Supplied entries »
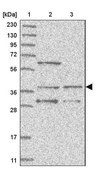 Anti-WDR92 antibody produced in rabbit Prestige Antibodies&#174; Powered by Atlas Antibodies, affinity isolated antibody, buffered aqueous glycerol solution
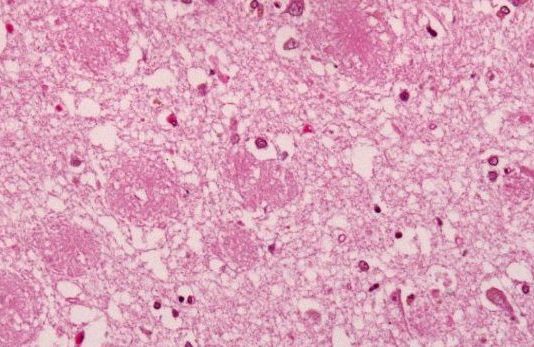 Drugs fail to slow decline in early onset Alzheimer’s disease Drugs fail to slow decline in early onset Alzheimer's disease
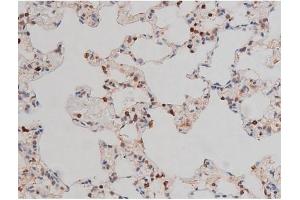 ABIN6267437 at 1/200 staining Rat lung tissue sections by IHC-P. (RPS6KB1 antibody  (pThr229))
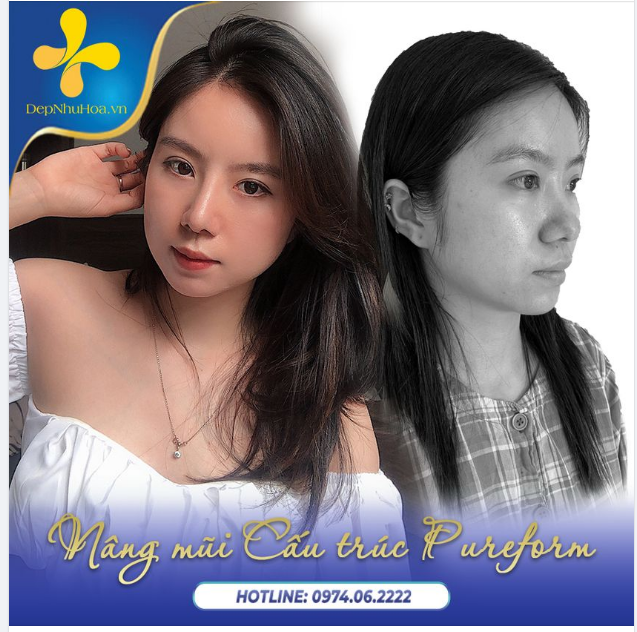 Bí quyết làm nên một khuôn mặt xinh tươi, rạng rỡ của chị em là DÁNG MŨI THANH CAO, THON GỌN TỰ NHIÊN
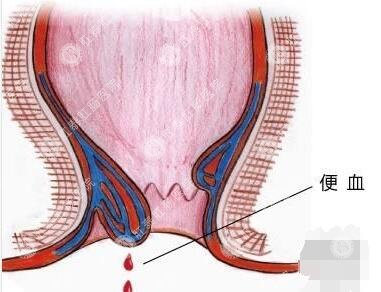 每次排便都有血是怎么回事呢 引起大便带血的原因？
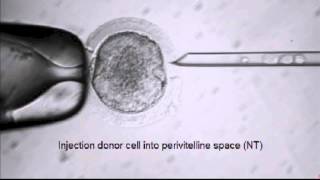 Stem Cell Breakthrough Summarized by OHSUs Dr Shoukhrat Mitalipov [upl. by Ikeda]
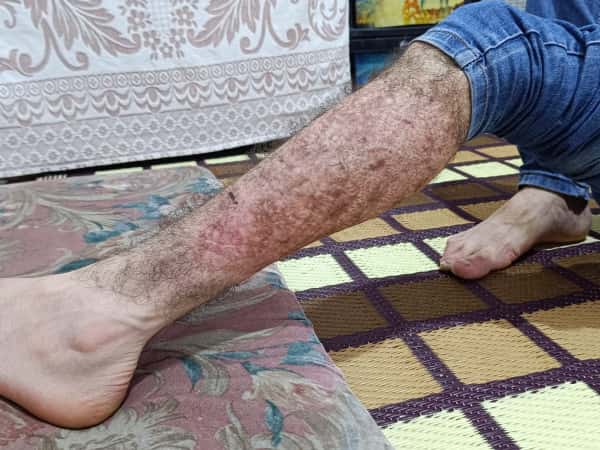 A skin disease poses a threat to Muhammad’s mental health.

...

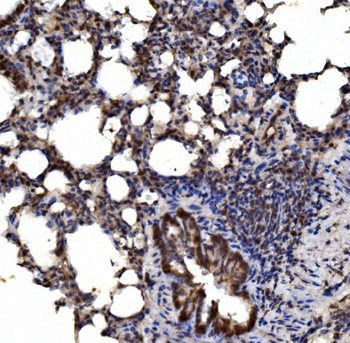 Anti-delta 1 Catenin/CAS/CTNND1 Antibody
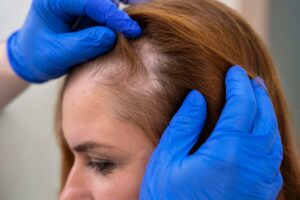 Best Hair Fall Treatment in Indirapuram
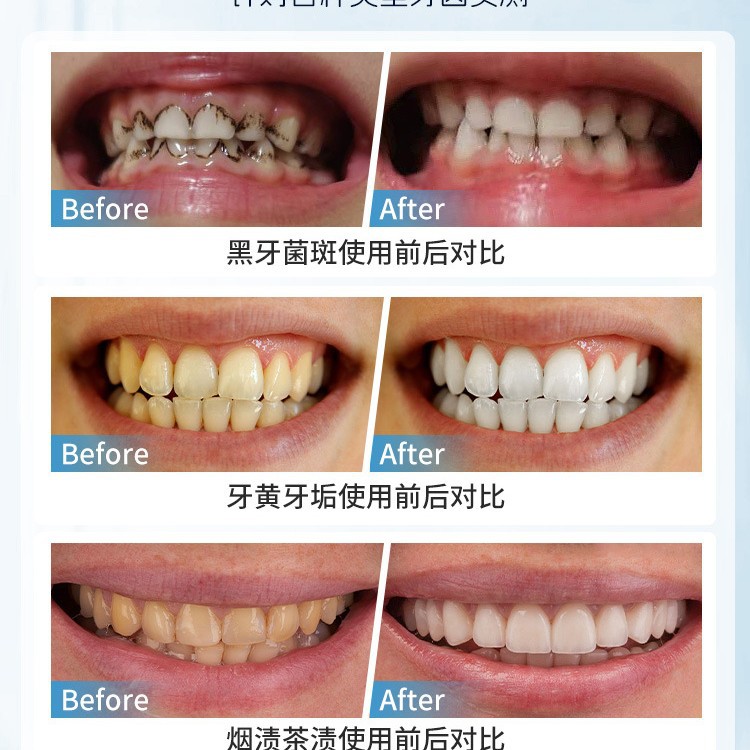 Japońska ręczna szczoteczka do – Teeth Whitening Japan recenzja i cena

Task brief » Copy the lines above between the one holding "Best Hair Fall Treatment in Indirapuram" and the one holding "Japońska ręczna szczoteczka", inclusive. Drop the pictures.

Solved problem »
 Best Hair Fall Treatment in Indirapuram
 Japońska ręczna szczoteczka do – Teeth Whitening Japan recenzja i cena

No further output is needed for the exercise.